Com efeito, dispõe a Constituição Federal:

Art. 156. Compete aos municípios instituir impostos sobre:

(…)

II – transmissão “inter vivos”, a qualquer título, por ato oneroso, de bens imóveis, por natureza ou acessão física, e de direitos reais sobre imóveis, exceto os de garantia, bem como cessão de direitos a sua aquisição;

Sua base de cálculo foi determinada no art. 38 do Código Tributário Nacional (CTN): “A base de cálculo do imposto é o valor venal dos bens ou direitos transmitidos”. Mas, para a determinação da base de cálculo do ITBI, o que seria o “valor venal”? “É o valor de venda, ou o valor mercantil, isto é, o preço por que as coisas foram, são ou possam ser vendidas”.
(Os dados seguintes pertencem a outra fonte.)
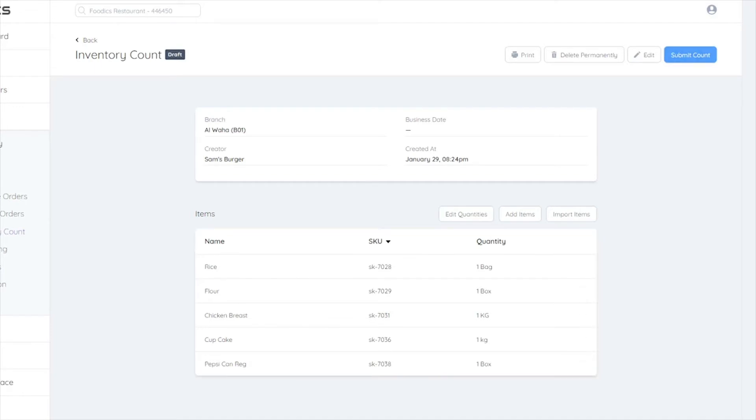The next step, if the count isn't cancelled or deleted, is to select Send Count to end this operation.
Para Hugo de Brito Machado, o valor venal é aquele que o bem alcançaria se fosse posto à venda, em condições normais. “O preço, neste caso, deve ser o correspondente a uma venda à vista, vale dizer, sem incluir qualquer encargo relativo a financiamento.”

Entende-se, pois, como base de cálculo do ITBI o valor do bem transmitido, que, em última análise, significa o valor de mercado bem. Ou seja, a base de cálculo desse imposto deve refletir e corresponder ao valor real da venda ou o valor do imóvel em condições normais de mercado.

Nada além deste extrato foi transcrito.